## WHAT THIS TASK INVOLVES
Only one stretch of the records below should be repeated. It starts with the line containing "Thumbnail for your" and goes on through the line containing "Celestron HD Heavy", exactly as written.

## STORED DATA
☆ ☆ ☆
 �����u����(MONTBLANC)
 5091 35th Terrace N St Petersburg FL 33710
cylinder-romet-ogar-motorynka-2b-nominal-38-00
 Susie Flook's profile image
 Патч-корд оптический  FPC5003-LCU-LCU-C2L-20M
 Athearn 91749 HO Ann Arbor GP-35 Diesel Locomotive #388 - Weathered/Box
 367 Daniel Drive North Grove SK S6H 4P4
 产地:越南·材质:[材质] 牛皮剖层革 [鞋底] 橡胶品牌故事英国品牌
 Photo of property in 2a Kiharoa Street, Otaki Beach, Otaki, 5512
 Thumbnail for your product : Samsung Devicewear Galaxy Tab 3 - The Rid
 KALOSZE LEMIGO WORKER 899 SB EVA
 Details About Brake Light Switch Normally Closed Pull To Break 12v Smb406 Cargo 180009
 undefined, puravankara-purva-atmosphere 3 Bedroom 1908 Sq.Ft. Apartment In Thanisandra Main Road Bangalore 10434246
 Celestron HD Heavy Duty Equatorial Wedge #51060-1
☆ ☆ ☆
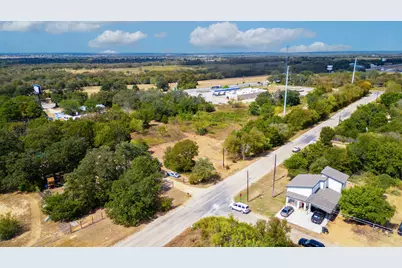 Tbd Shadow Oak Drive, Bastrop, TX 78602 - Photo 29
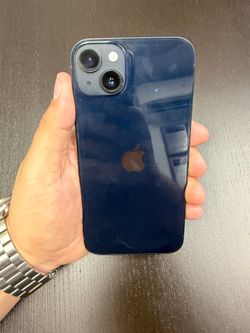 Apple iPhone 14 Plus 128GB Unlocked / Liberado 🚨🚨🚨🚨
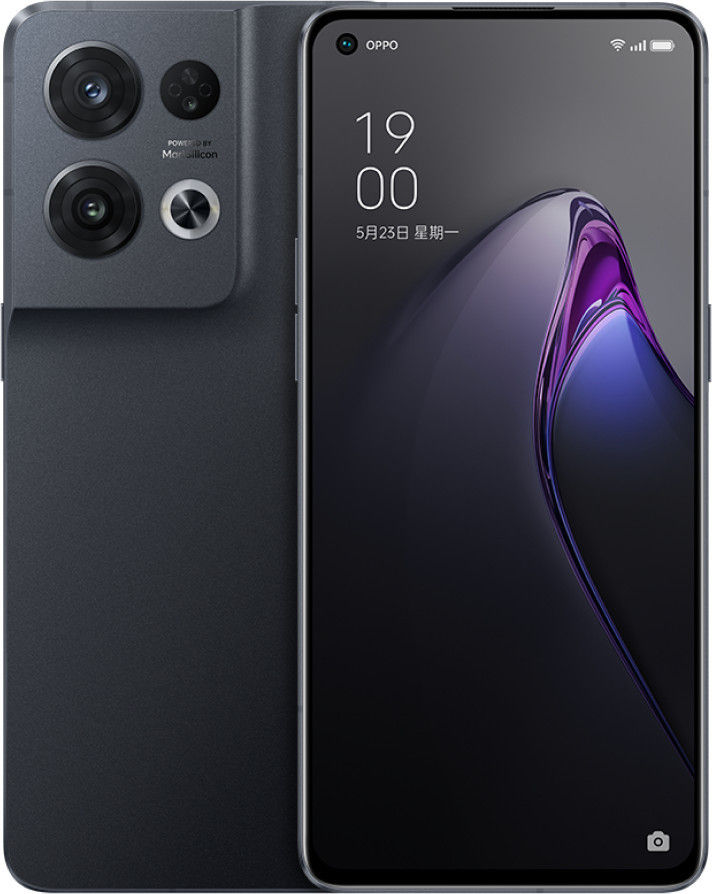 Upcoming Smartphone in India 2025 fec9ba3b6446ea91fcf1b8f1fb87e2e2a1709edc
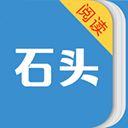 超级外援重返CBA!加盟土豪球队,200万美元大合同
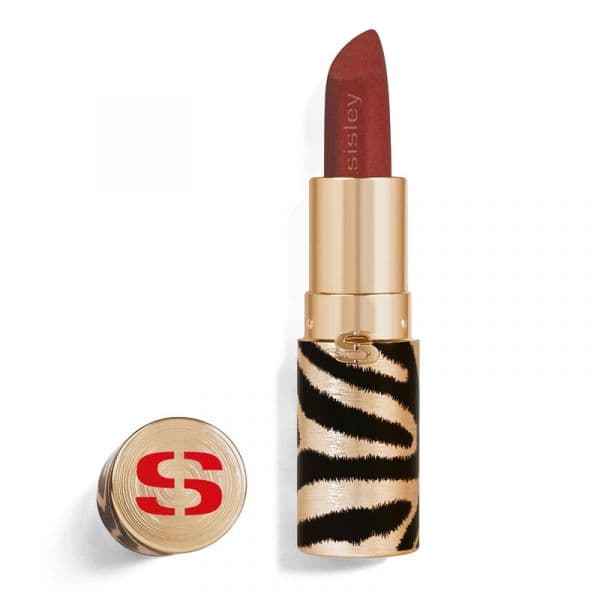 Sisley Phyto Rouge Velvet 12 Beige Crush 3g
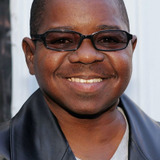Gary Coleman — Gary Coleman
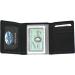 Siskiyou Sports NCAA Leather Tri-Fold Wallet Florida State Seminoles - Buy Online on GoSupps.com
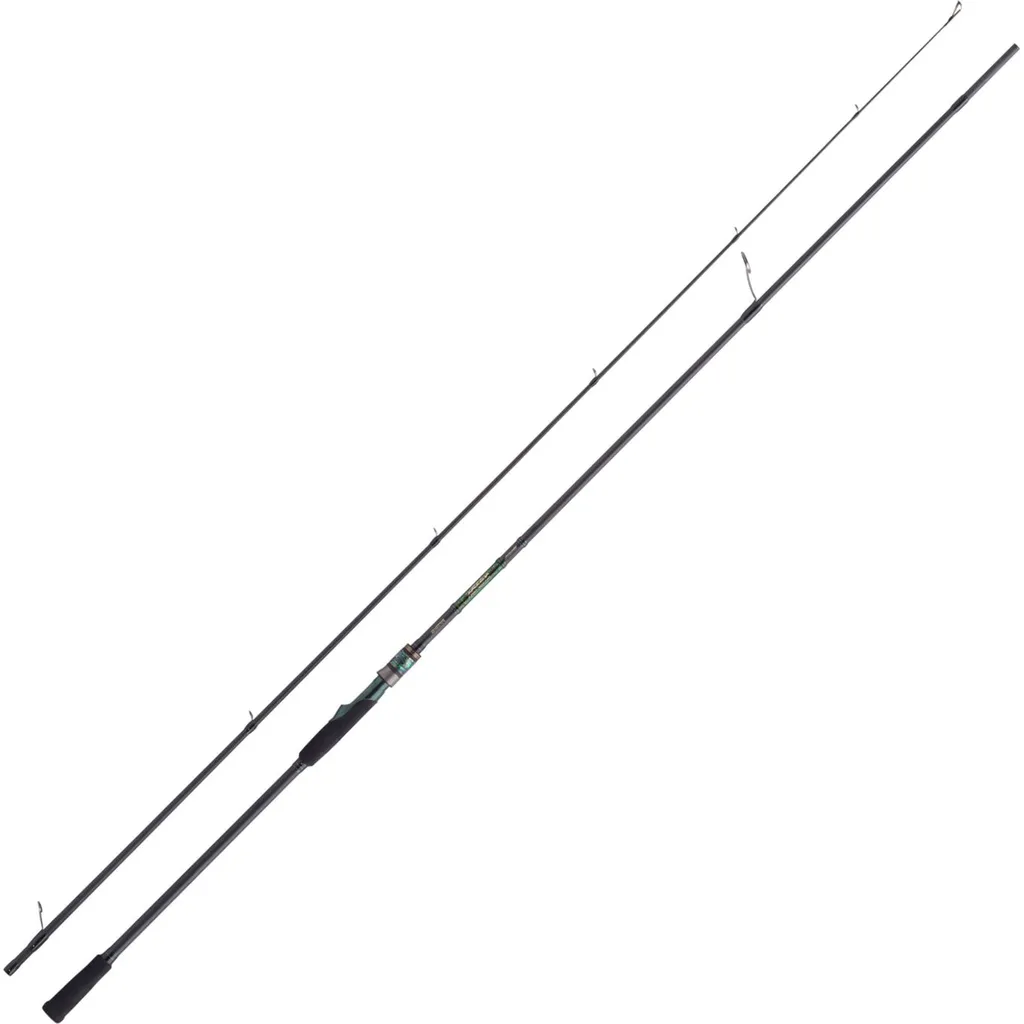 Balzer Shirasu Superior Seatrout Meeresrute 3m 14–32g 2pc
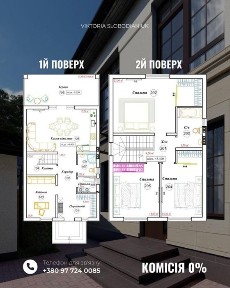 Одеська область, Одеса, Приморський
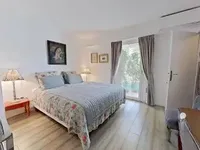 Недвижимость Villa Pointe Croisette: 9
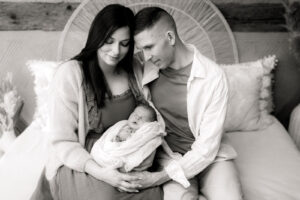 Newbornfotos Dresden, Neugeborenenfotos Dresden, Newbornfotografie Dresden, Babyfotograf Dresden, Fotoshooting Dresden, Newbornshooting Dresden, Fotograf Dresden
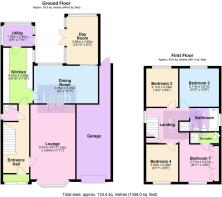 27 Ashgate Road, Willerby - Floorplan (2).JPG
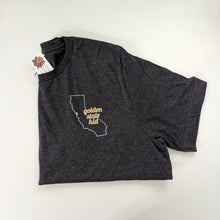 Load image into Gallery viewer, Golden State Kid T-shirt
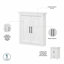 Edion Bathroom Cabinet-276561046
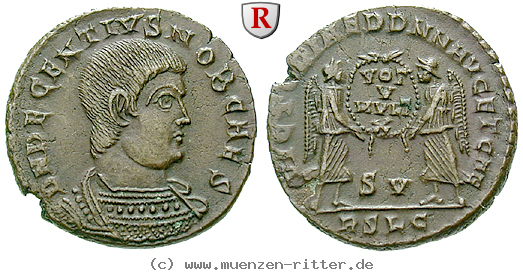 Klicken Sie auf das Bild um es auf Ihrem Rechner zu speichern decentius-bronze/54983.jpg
☆ ☆ ☆
## FINISHED EXERCISE
 Thumbnail for your product : Samsung Devicewear Galaxy Tab 3 - The Rid
 KALOSZE LEMIGO WORKER 899 SB EVA
 Details About Brake Light Switch Normally Closed Pull To Break 12v Smb406 Cargo 180009
 undefined, puravankara-purva-atmosphere 3 Bedroom 1908 Sq.Ft. Apartment In Thanisandra Main Road Bangalore 10434246
 Celestron HD Heavy Duty Equatorial Wedge #51060-1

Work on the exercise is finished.